The Blue Apron building has drawn more than half a dozen police calls since it was opened less than two years ago, according to records reviewed by The Post.
One of the flashpoints for employee fights is the commute. Workers at the out-of-the-way building have to catch a shuttle bus to the light-rail train. Miss the last shuttle bus and you have to take an expensive Uber ride.
On Sept. 27, a 20-year-old worker, Alexsis Herberk, was hauled to jail and charged with aggravated assault and unlawful possession of a weapon after she stabbed a female co-worker at the 45th Street light-rail station, according to an NJ Transit police report.
The two had just finished their night shift.
“I heard they were fighting over a guy — it’s usually something like that,” one Blue Apron worker told The Post in an interview last week, declining to give her name for fear of retribution from the company.
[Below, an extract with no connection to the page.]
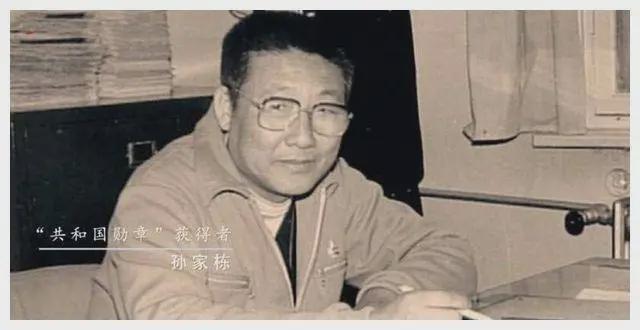 東方紅衛(wèi)星超重孫家棟堅(jiān)持拆掉毛主席像章周恩來(lái)說(shuō)：支持你！(圖6)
On Monday, a Blue Apron spokeswoman said the company had been unaware of the incident.
“If we determine that any of our employees acted in a manner that is inconsistent with our policies or values, we will of course take immediate and appropriate action, including termination,” said the spokeswoman, Nisha Devarajan, who added that the company would “never take disciplinary action for employees talking to the press.”
Other police calls to the fulfillment center involved accusations of petty theft, as well as seizures of suspected drugs including marijuana and heroin, according to reports.
Still, not every Blue Apron employee in Jersey City seemed unhappy — or even aware that the incidents had occurred.
“They’ve gotten rid of most of the knuckleheads who were causing problems,” said one male worker, about to board the light-rail train to an evening shift last week.
“It’s really not that bad,” said another, flipping over the ID tag around his neck to hide his name. “I’ve been here two months and I only saw one fight.”